The Need for Hydrologic Connectivity in Lidar Elevation Surfaces
This section explains the importance of achieving hydrologic connectivity in lidar DEMs. It also describes hydrologic connectivity issues that have been addressed in the scientific literature, and the lack of reference points to validate hydro-enforcement results in drainage structure locations.

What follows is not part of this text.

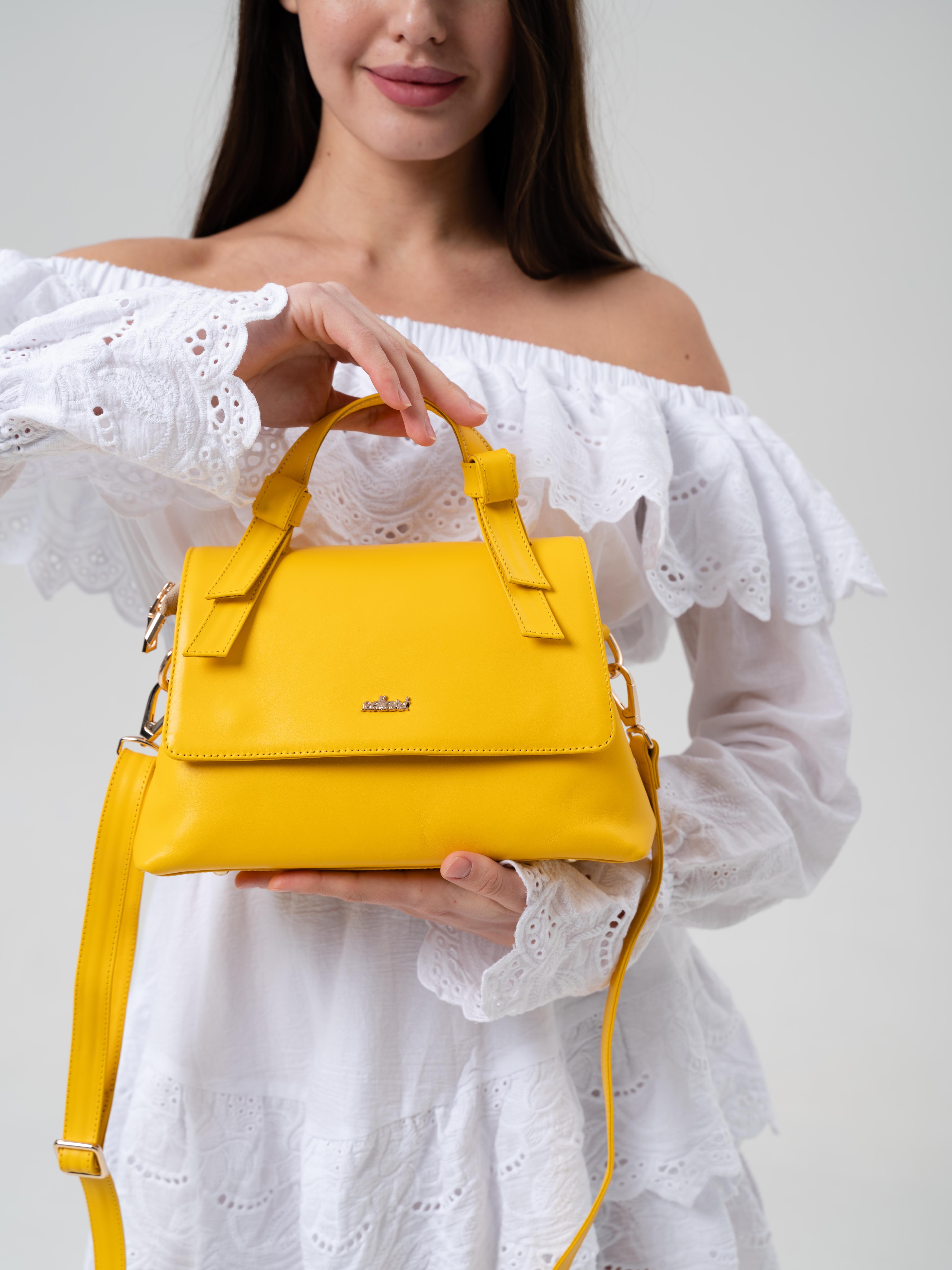 картинка Сумка-клатч ED'ART s06.желтый от интернет магазина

As the need for coastal mapping, monitoring, and change detection increases in response to inundation hazards that impact vulnerable coastal zones (Brock and Purkis, 2009; Burkett and Davidson, 2012; Buxton et al., 2013; Gesch, 2009; Gesch, Gutierezz, and Gill, 2009; Stoker et al., 2009; Turnipseed et al., 2007), hydrologic connectivity in lidar DEMs has become essential for storm surge and sea-level rise hydrodynamic modeling (ARCADIS, 2011; Gesch, 2009; Gesch, 2013; Li et al., 2009; MacDonald, 2012; NOAA, 2010; Poulter, Goodall, and Halpin, 2008; Poulter and Halpin, 2008; Sheets, Brenner, and Gilmer, 2012; Westerink et al., 2008; Zhang et al., 2011). Although lidar has become a commonly used technology for the collection of highly accurate elevation information (Buxton et al., 2013; Poppenga et al., 2010; Schmid, Hadley, and Wijekoon, 2011; Stoker, Harding, and Parrish, 2008; Webster and Forbes, 2006) that is used for hydrologic applications (Brock and Sallenger, 2001; Medeiros, 2012; Medeiros et al., 2011; Poppenga et al., 2010; 2012; 2013), according to Barber and Shortridge (2005), a high-resolution, high-accuracy elevation dataset does not necessarily produce a highly reliable model of overland surface flow. Lidar DEMs capture elevated features, such as road fill overlaying culverts, that impact any standard surface hydrology model by impeding the representation of overland surface flow (Figure 1A) (Barber and Shortridge, 2005; Duke et al., 2003; Maune et al., 2007; Poppenga et al., 2013; Poppenga et al., 2014a,b). These elevated road features were not as problematic in the past with lower resolution (~30-m) DEMs derived from topographic maps because the level of topographic detail was much lower than lidar DEMs.